Passive movements It is clear that they will not be limited if there is a full range of active movements. Their study is necessary when establishing the absence or limitation of active movements in a particular muscle group. It may turn out that movements are limited not because of paresis, but because of damage to the joints, due to pain, etc. The study of passive movements is also carried out to determine muscle tone.

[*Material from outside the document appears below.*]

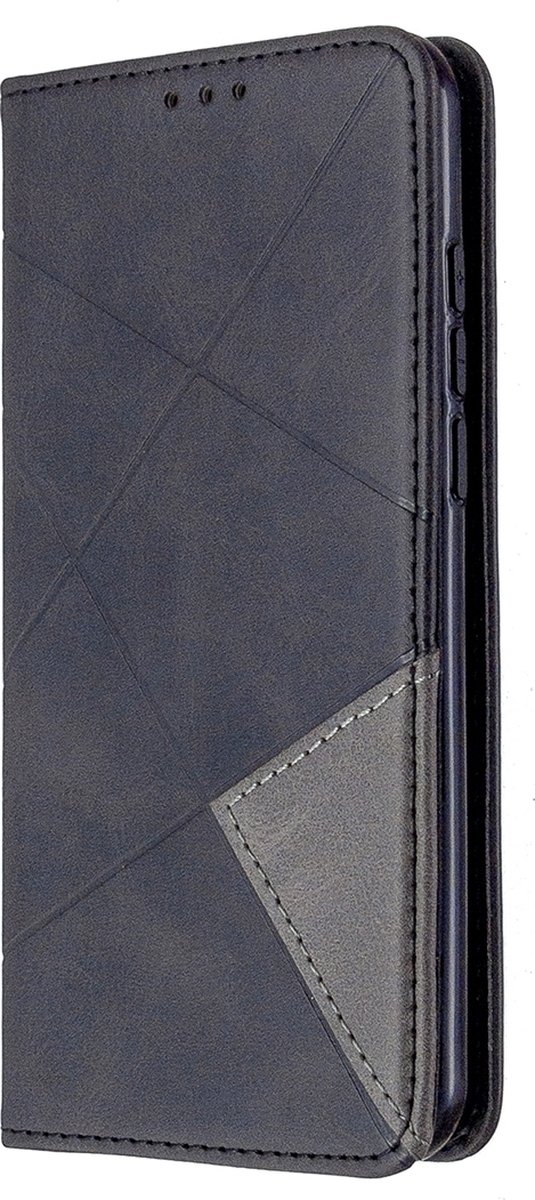 Mobigear Telefoonhoesje geschikt voor Nokia 1.3 Hoesje | Mobigear Rhombus Slim Bookcase | Pasjeshouder voor 2 Pasjes | Telefoonhoesje voor Pinpas / OV Kaart / Rijbewijs - Zwart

Tone determined primarily by palpation of the muscle at rest. With atony or hypotension, the muscles feel flabby and sluggish; with hypertension - dense, tense. With passive movements in the case of atony, excursions in the joints are completely free, even excessive; joints are “loose.” As tone increases, passive movements encounter significant resistance, to overcome which a certain amount of tension is required. With spasticity of the muscles that accompanies central paralysis, a phenomenon is observed that is called the “jackknife symptom”: if we make a fast passive movement, then the resistance provided by the rigid muscles is not the same throughout the entire movement; it is especially felt at the beginning and decreases later.

Coordination of movements is disrupted as a result of damage to the cerebellar system and the loss of the “sense of position and movement” (articular-muscular sense). The ataxic disorders that arise in this case will be discussed further.